Thanks @AdamRiddick, it's a long shot given that it's not causing issues on the other machine. I think I forgot to ask previously, but have you tried deploying the hosting bundle with the /norestart option?
@jkotalik can you provide more details on what the CAs do when ANCM is being installed? I was looking at the InstallExecute table and noticed the following:
RestartManager executes during the InstallValidate action (sequence is 1400). All the CAs appear to run after InstallValidate. Perhaps changing the CA scheduling could improve things, but I don't know enough about the ANCM scenarios.
From digging through more RM documentation, it appears that services listed as critical will always force a reboot and cause RM to fail shutting them down. The list of critical services appear to be fixed
Hi @joeloff, we did try with /norestart but to no avail.
Ping @joeloff
@joeloff @jkotalik Any update?
There is one other option that we can maybe explore. I'll need to get a repro for this issue first. Essentially it would change the upgrade behavior of ANCM. MSIs can control when the old version of the product is removed when doing an upgrade. Removing the old MSI first and then installing the new version provides the greatest flexibility because it supports the widest set of changes between two versions of an installer. It's also slower, because it removes all the files, even ones that haven't changed and then installs them again.

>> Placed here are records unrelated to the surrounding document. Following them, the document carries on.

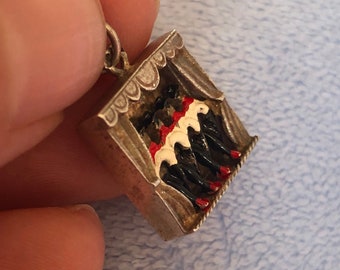 Rare Antique Art Deco French Can Can Dancers Charm 3-D Moveable Sterling Silver Enamel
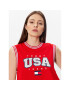 Tommy Jeans Bluză USA Basketball DW0DW15304 Roșu Cropped Fit - Pled.ro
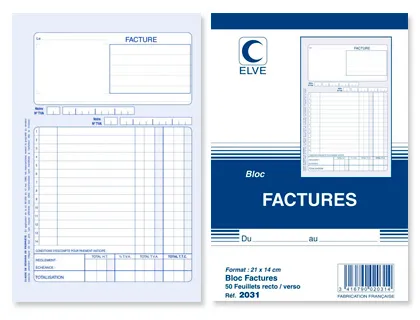Bloc factures elve 140x210mm 50 feuillets 90g encollage en tête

The other option is to install the new version first, then remove the old copy. I'm hoping this would get around the problem. BUT, at some point you would still need to restart your applications because they'll continue to run on the existing runtime, which technically is going to get removed while they are up and that would likely cause a problem I suspect.

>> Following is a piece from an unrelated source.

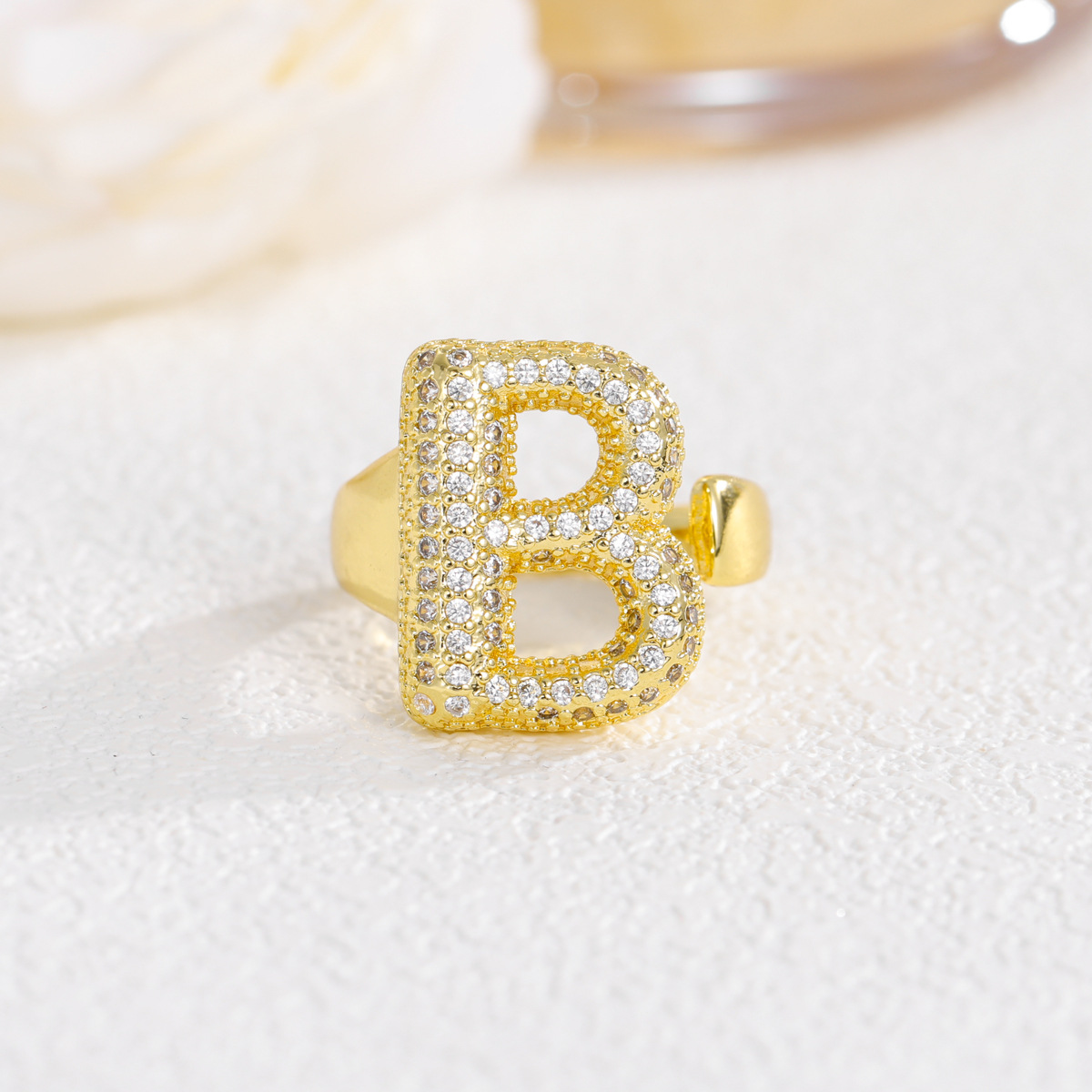 Zirconia Custom Initial Letter Open Ring Stainless Steel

I have the same issue. 80070643 is not the real error. Maybe it means the file was in used.
Action ended 14:36:53: InstallValidate. Return value 3.
Action ended 14:36:53: INSTALL. Return value 3.
Stop the IIS and uninstall the old version , then install the new version. Fix it.
@willshao the 1603 is just a generic error. As you pointed out, the failure is in the InstallValidate action and this is exactly when locked files are evaluated.
Install does not complete, update has installed a dark theme There is a square in the middle of the install dialog. click on it (hides check box) then the install button becomes active! Press button and problem solved
Is there any solution? Have the same problem installing .Net 8 on application server. Same error, unable to install ANCM.
This is a x-post from here as we aren't getting any traction. https://github.com/dotnet/sdk/issues/12920
We've had issues upgrading the Web Hosting Bundle before with versions 2.2.4 and 2.2.8 (see: dotnet/runtime#1803) reporting a general failure (error 1603).
Each time we update the hosting bundle we're seeing the same set of issues, which is preventing us from being able to update patch versions more frequently. We are currently trying to patch to 3.1.5.20271.
We are managing approximately 300 servers and we see this failure on about 10% of them.
Steps to reproduce Install the .Net Core Hosting Bundle - We've been unable to reliably reproduce, but have seen this across a handful of servers - Typically those are running multiple IIS websites.
We're attempting to install this via powershell in the first instance, then trying to manually resolve - neither work, but do on 95% of our servers.
Expected Behaviour The .net core hosting bundle installs.
Actual behavior The .Net core hosting bundle does not install.
Its worth noting the runtime and shared framework are installed but Windows Server Hosting fails.